Did the failure cause prejudice? Is it central or tangenital? Is it curable? Some of these cases – Judge Scheindlin mentioned Southern New England Tel. Co. v. Global NAPs, Inc., 251 F.R.D. 82 (D. Conn. 2008) specifically (see the K&L Gates commentary here ) – have what Judge Scheindlin called “terrible facts”. They distort the case, she said, and increase both the time and cost and the likelihood that the case will go to trial. Cases involving conduct, affirmative misstatements, deception and lying gave rise to the “jurisprudence of anger”. The actual statistics do not suggest that sanctions judgments are widespread – if you remove the obvious bad ones, the number is very small. Judge Rosenthal said that the fear of sanctions was worse than the reality (although this article might suggest otherwise).
What Judge Rosenthal said ties in with a speech which I heard Judge Facciola give last year at which he said (I paraphrase) that ‘judges do not look in the mirror each morning and ask “who can I sanction today?”. There is a tension between the need to punish wrong-doing or incompetence and the burden on the conscientious lawyer who wants no more than to do what is right for his client, the court and the case – or, perhaps, wants to do no more than what is right, a subtle rearrangement of words which alters the perspective somewhat. The question ought to be “what is the minimum needed for the case to be decided justly?” not “what must I do to avoid the risk of sanctions?”

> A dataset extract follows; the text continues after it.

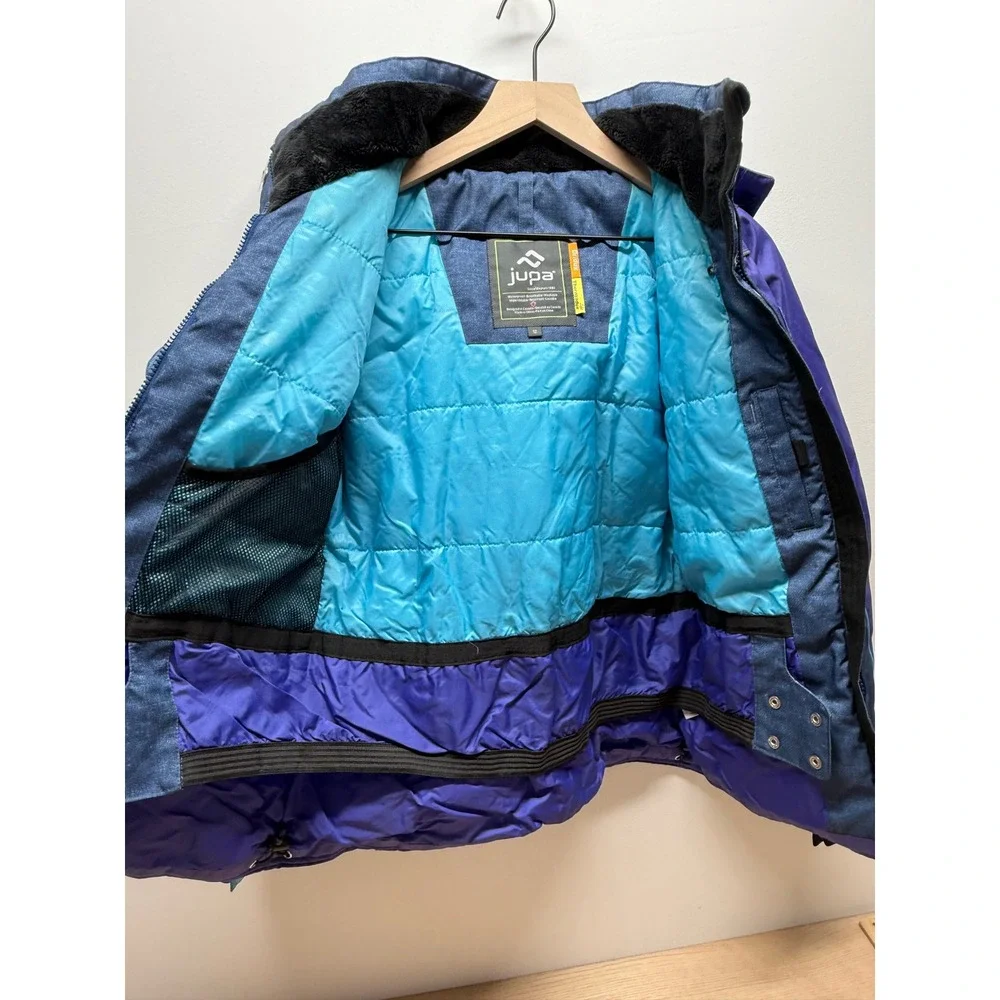 Jupa Kids Ski Jacket Purple Blue‎ Waterproof Breathable Hooded Size 12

For those who are interested, incidentally, the judicial authority for the UK idea that you do not look under every stone is in Nichia Corp v Argos Ltd [2007] EWCA Civ 741 (19 July 2007) at paragraph 50 as quoted approvingly at paragraph 46 in Digicel (St. Lucia) Ltd & Ors v Cable & Wireless Plc & Ors [2008] EWHC 2522 (Ch) (23 October 2008). Both of these cases refer to decisions of US courts. See also Rybak & Ors v Langbar International Ltd [2010] EWHC 2015 (Ch) (09 July 2010) for an example of what Judge Scheindlin would call “terrible facts” warranting striking out in the UK.
Ethics Game Show: Some Real World “E-thical” Issues
Two things caught my attention about this session: one was the mere existence of a full session devoted to ethics, giving rise to the question posed at the head of this article – do US lawyers pay more express attention to ethics than we do in the UK because they are more ethical than we are or less so? The other related to the session format which was an interesting way of involving the audience in the discussion.
The panel included Judge Francis, Judge Grimm and Judge Facciola (shown above), and with former Judge Ron Hedges as the scorekeeper and Maura Grossman drafted in at short notice to moderate. The format involved real stories which raised ethical issues, with three contestants vying to give the highest number of correct answers and the audience taking part with a show of hands. The stories were quite fun: the proper course when your opponent sends you an e-mail which his fat finger clearly intended for someone on his own side; the husband who guessed his way into his wife’s law firm’s e-mail system (did they make it too easy?); the district attorney who removed more than 2,000 e-mails from a collection which was the subject of a court order (or the legal equivalent of “the dog ate my subpoena” as someone put it). The actual answers were a matter of record. Getting them right was complicated by the fact that the ABA code of ethics had been varied or adopted in part by different states; sometimes, a conflict of law analysis is required if two states were involved.
In general I found myself voting for the higher end of the punishment scale – only two years suspension for hacking another firm’s e-mail system? I got no closer to deciding why US lawyers devote more time to the discussion of ethics than we do – a cynic suggested to me that this was because there is a compulsory paper on it, but this gets us no nearer to deciding why it demands such attention. In fact, ethical questions concern UK lawyers no less than their US counterparts, and the Solicitors Regulation Authority publishes the outcomes of disciplinary hearings. I have just never seen a panel about it, still less a game show. It was a great format anyway, and one which I may well adopt elsewhere.
Judicial Roundtable
My photograph shows the impressive tally of knowledgeable judges who were present for this event, which closed the conference. From the left they are Judge Slights, Judge Rosenbaum (retired), Judge Nolan, Judge Grimm, Judge Francis, Judge Peck and Judge Allegra, with Judge Facciola moderating. The session was unscripted, based on questions from a floor which was still packed despite the Friday afternoon timing.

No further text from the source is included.